For validation, the current numerical results subject to heat transfer with the numerical data provided by Mondal et al. [36] and Wang et al. [37] are plotted graphically in the Dn vs. Nu plane in Fig. 20. The bullets indicate the intersecting point of the specific Dean number (Dn) corresponding to the Nusselt number (Nu). A comparison of the results obtained using the cooled surface is presented in Fig. 20, where it is noticed that the three lines of the graph relating to the heat transfer show almost the same trend. The overall result also agrees well with the above-mentioned two studies.

In this sub-section, the validation of our findings by comparing with the published experimental results available in the literature is performed. Figs. 21a–21d present a relative comparison of our numerical findings with the established investigations by Bara et al. [38], Mees et al. [39], Wang et al. [22] for curvature δ=0.03 and Chandratilleke [40] with δ=0.032 for a BSD flow. Figure on the left of each pair is the SF pattern for experimental outcomes and right figures show our numerical results. As seen in Fig. 21, our present computational results have a good match with the experimental outcomes, which justifies the exactness of the present numerical study.

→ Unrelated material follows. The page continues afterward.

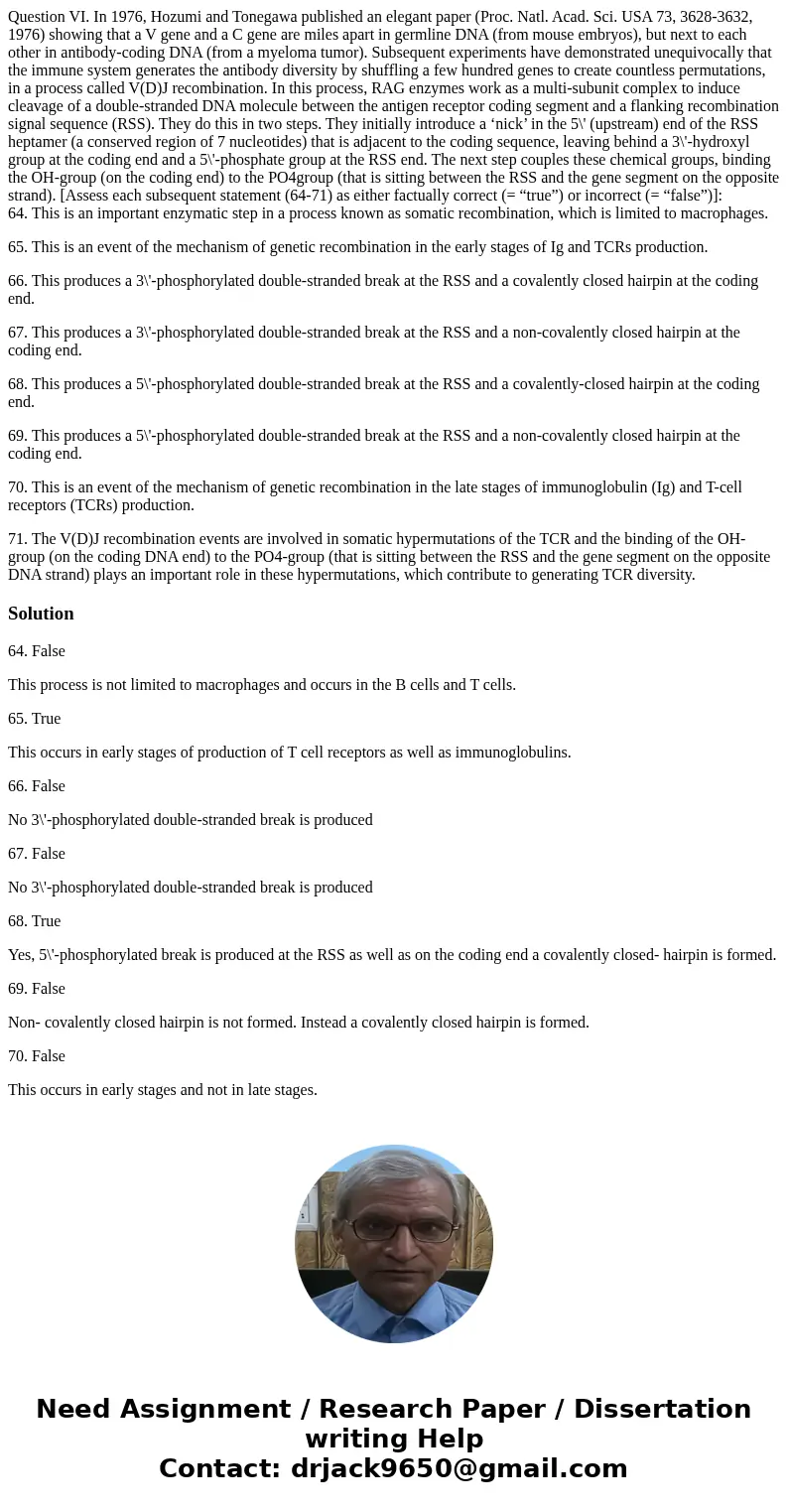 Question VI. In 1976, Hozumi and Tonegawa published an elegant paper (Proc. Natl. Acad. Sci. USA 73, 3628-3632, 1976) showing that a V gene and a C gene are mil Question VI. In 1976, Hozumi and Tonegawa published an elegant paper (Proc. Natl. Acad. Sci. USA 73, 3628-3632, 1976) showing that a V gene and a C gene are mil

Now we will deliberate the plausibility of applying 2D calculations to study bend channel flows in the present study. Mees et al. [39,41] observed traveling wave solutions in the study of BD flows. They observed the change of secondary flow pattern far downstream using a spiral duct, where Dn increases in the downstream due to an increase of the curvature. Wang et al. [22] showed that periodic flows can be analyzed precisely by 2D calculations. They showed that for an oscillating flow, there exists a close similarity between the flow observation at 270° and 2D calculation. The periodic oscillation, observed in the cross-section of their duct, was truly a traveling wave advancing in the downstream direction that was justified by a 3D study of BSD flows by Yanase et al. [42]. Therefore, it is found that 2D calculations can accurately predict the existence of 3D traveling wave solutions by showing an appearance of 2D periodic oscillation. There is some other evidence showing that the existence of chaotic or turbulent flow may be predicted by 2D analysis. Yamamoto et al. [43] investigated helical pipe flows by 2D perturbations and compared the results with their experimental data, where they observed a good match between the numerical and the experimental data, which shows that even the transition to chaos can be predicted by 2D analysis. The transition from periodic oscillation to chaotic state, obtained by the 2D calculation in the present paper, may correspond to the destabilization of travelling waves in the BD flows like that of Tollmien-Schlichting waves in a boundary layer. Besides, 2D analysis can accurately describe the asymptotic behavior of the flows and without having a significant knowledge on asymptotic behavior of the flows, it is difficult to have a good physical insight into the BD flows. Nevertheless, complete bifurcation study obtained by the 2D analysis in the present paper, which is hardly possible in 3D analysis, may give a firm framework for the 3D study of steady, periodic and chaotic flows in the bend channel. Our 2D analysis, therefore, may contribute to the study of real flows in the BD at some extent although 3D simulation can give more accurate results but it is expensive.